Description of the task – Only the pictures should be left out; write out all other data exactly.

Image-text web data:

#####

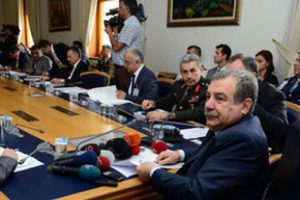 Avcılar dağa taşa ateş etsin!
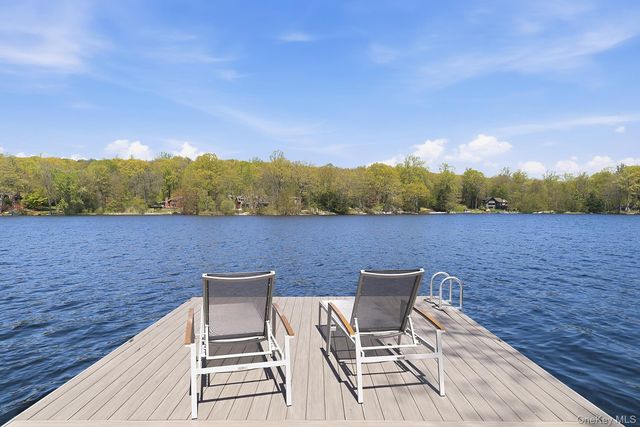 438 Lake Shore Road, Putnam Valley, NY 10579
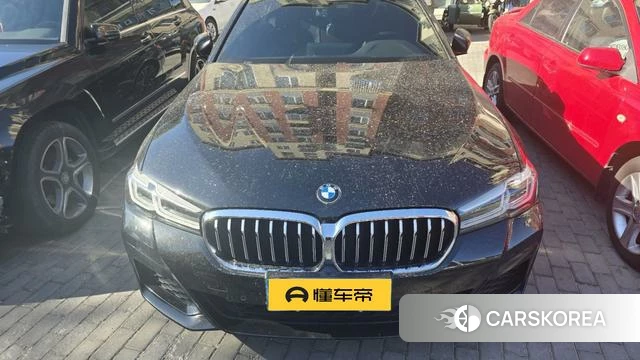 BMW 5 series 2023 Черный из Китая, фото 6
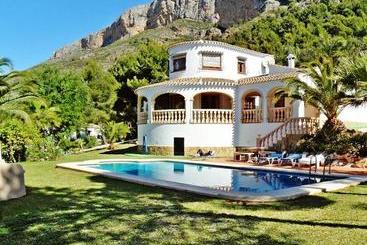 Villa Calle de Auriga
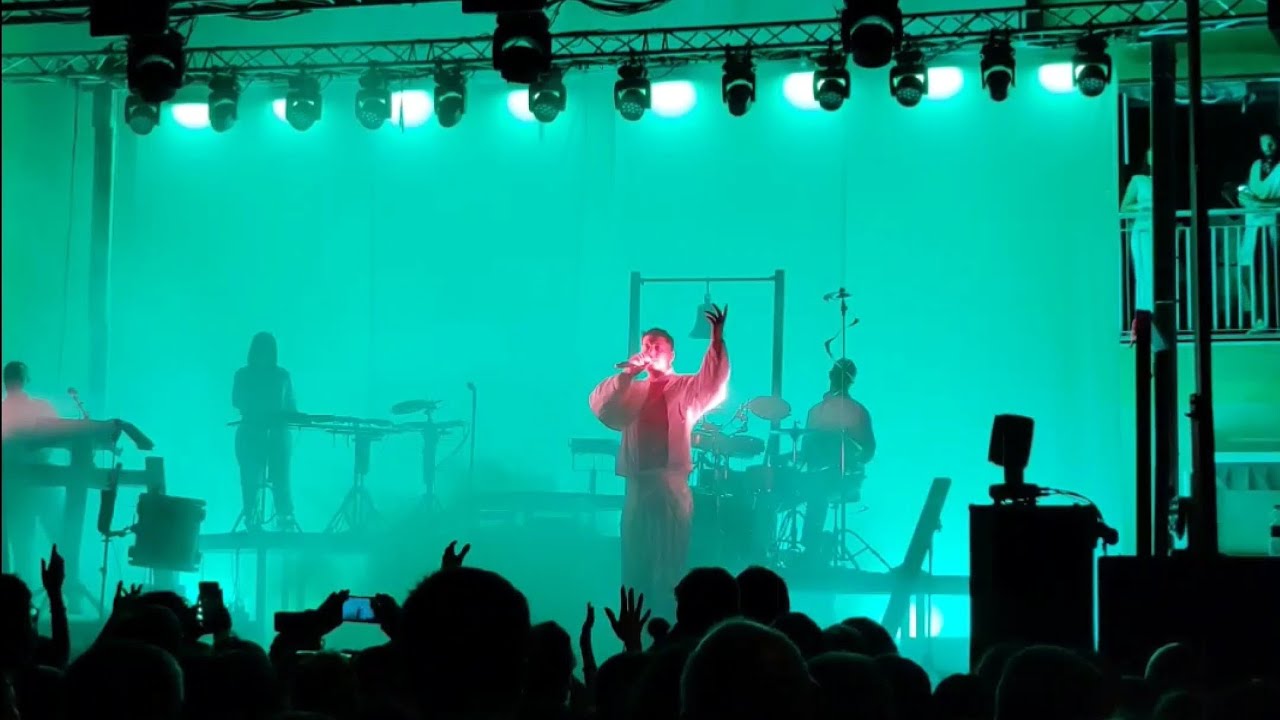 Zetak cantando Zoriontasuna en el concierto de fiestas de Sartaguda (Navarra)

#####

Solution below –
 Avcılar dağa taşa ateş etsin!
 438 Lake Shore Road, Putnam Valley, NY 10579
 BMW 5 series 2023 Черный из Китая, фото 6
 Villa Calle de Auriga
 Zetak cantando Zoriontasuna en el concierto de fiestas de Sartaguda (Navarra)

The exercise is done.